● **AVAILABLE DATA**:
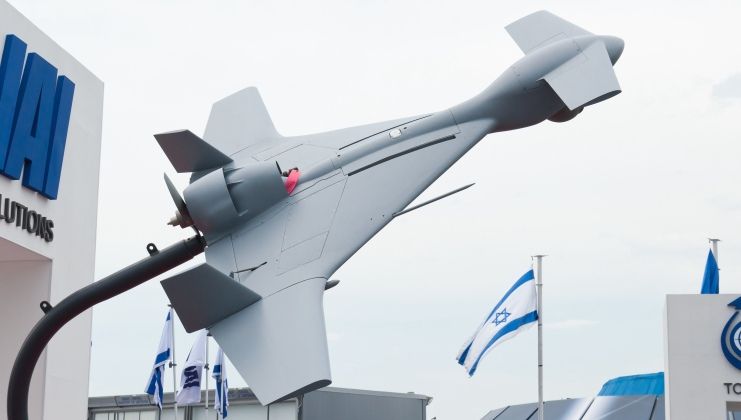 Israeli Harop Drone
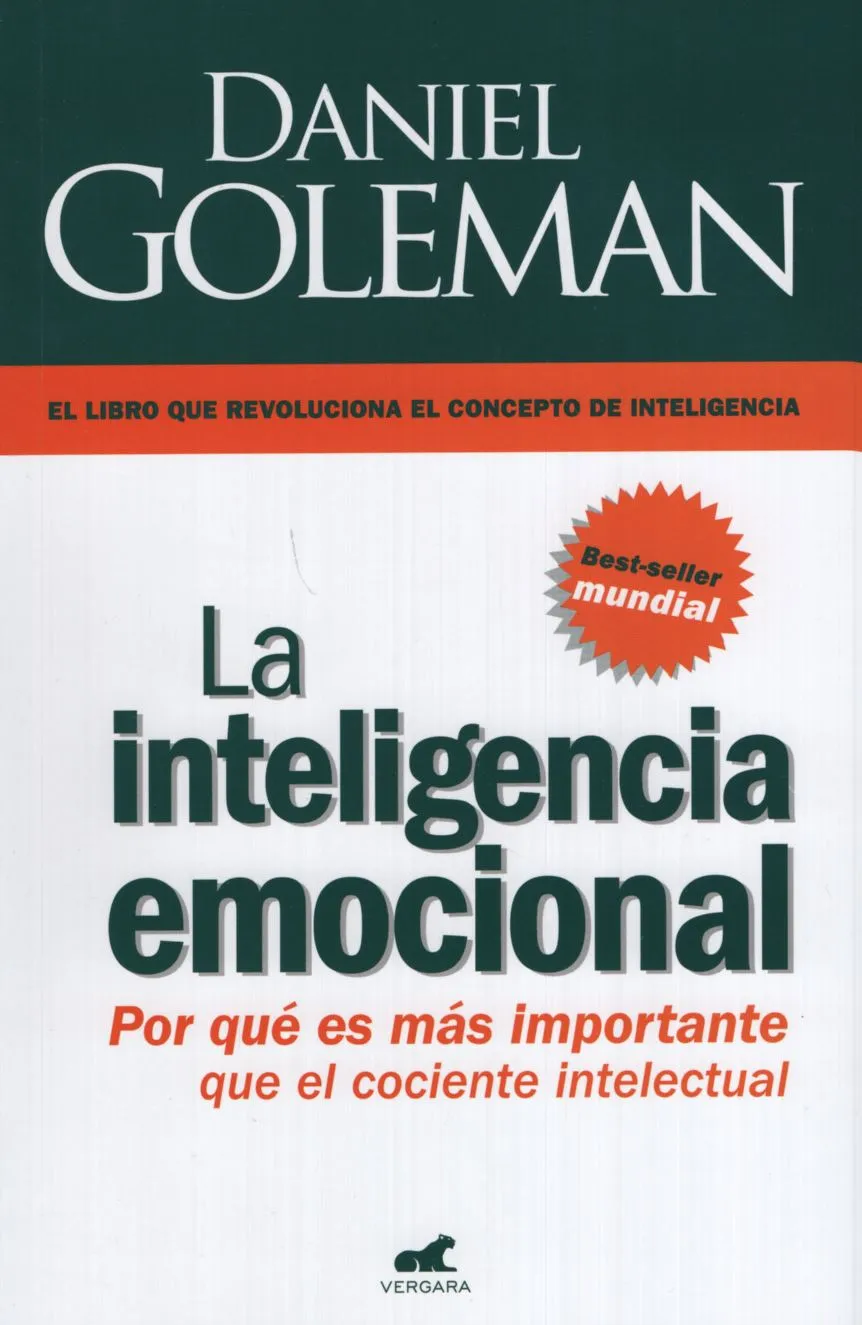 Portada: LA INTELIGENCIA EMOCIONAL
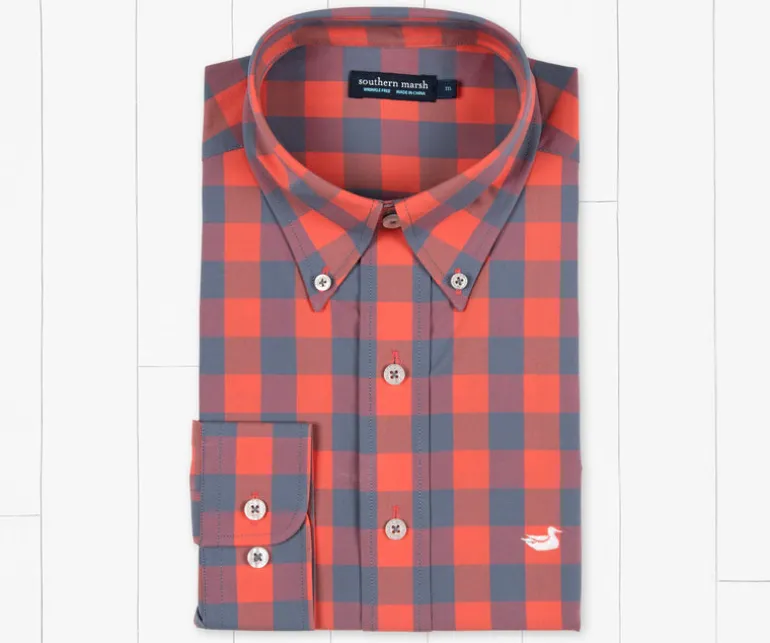 Pickens Gingham Dress Shirt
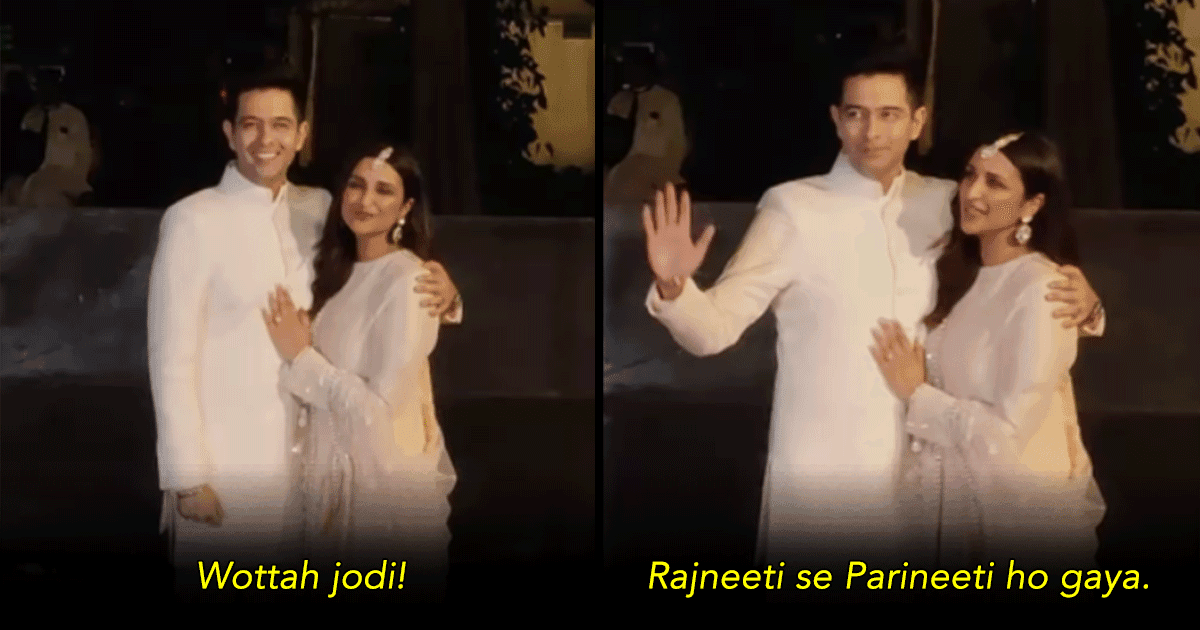 The Showstoppers On Parineeti Chopra & Raghav Chadha’s Engagement Day Were Indian Paps. Here’s Proof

● **ACTION ITEM**:
The data must come back word for word, with every picture removed.

● **SOLUTION TO THE PROBLEM**:
 Israeli Harop Drone
 Portada: LA INTELIGENCIA EMOCIONAL
 Pickens Gingham Dress Shirt
 The Showstoppers On Parineeti Chopra & Raghav Chadha’s Engagement Day Were Indian Paps. Here’s Proof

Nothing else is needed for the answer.